| The President—the Remedy      There is but one hope which animates 
              the people of this country, which is voiced from every quarter, 
              and that is the recovery of President McKinley. There should be 
              but one thought to follow and a firm determination to crystalyze 
              [sic] it, and that is: to root out the Anarchists from this land.This is the first time that our people 
              are called to deal directly with this distemper. The assassination 
              of Lincoln was the result of a craze of an American actor, and the 
              shooting of Garfield was by a man who was probably crazed by personal 
              disappointment.
 Now, for the first time in our history 
              we are brought face to face with conditions which have been prevalent 
              in foreign lands, and which, by reason of our form of government, 
              we thought we were exempt from. Anarchy raises its head here as 
              well as in monarchies.
 It is to be hoped, therefore, that 
              the determination which now animates our people will not be permitted 
              to lose force by reason of the lapse of time, but rather that it 
              will gain strength, and not rest until such laws shall be enacted 
              as will rid the land of every known anarchist and such as proclaim 
              this doctrine of destruction.

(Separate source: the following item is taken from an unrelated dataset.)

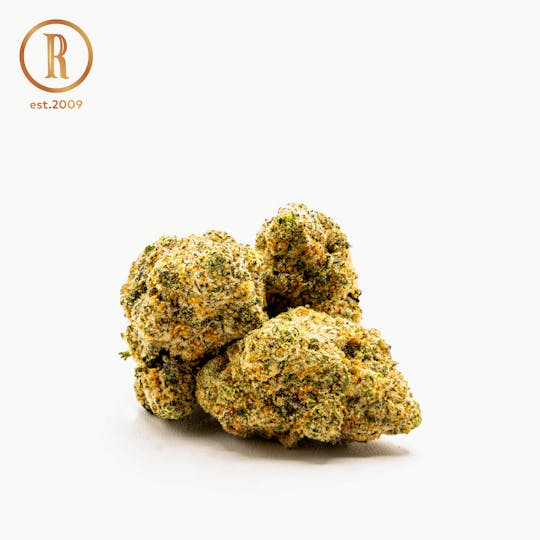 Redemption - Goodfella Pre-Packed 28g - 1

 The tolerance of these people under 
              the plea of free speech must not be endured. Free speech is guaranteed 
              as one of the inalienable rights of American citizenship, but free 
              speech which tries to subvert and change our form of government, 
              not by the Constitutional methods, but by violence and death of 
              its representatives and destruction of property, is a mockery, and 
              is treason to the State.
 As we now are no more exempt from 
              having these reptilian doctrines advocated and carried out here, 
              and as this democratic country is no more proof against the anarchistic 
              brood than the monarchies of the other world, probably it would 
              be well that an International Congress should meet and agree upon 
              some drastic plan which would rid all the lands of every advocate 
              of the vicious doctrines of Anarchy.
 Let there be a common Siberia or a 
              Devil’s Island to which all should be deported, and quick death 
              to such as commit an overt act.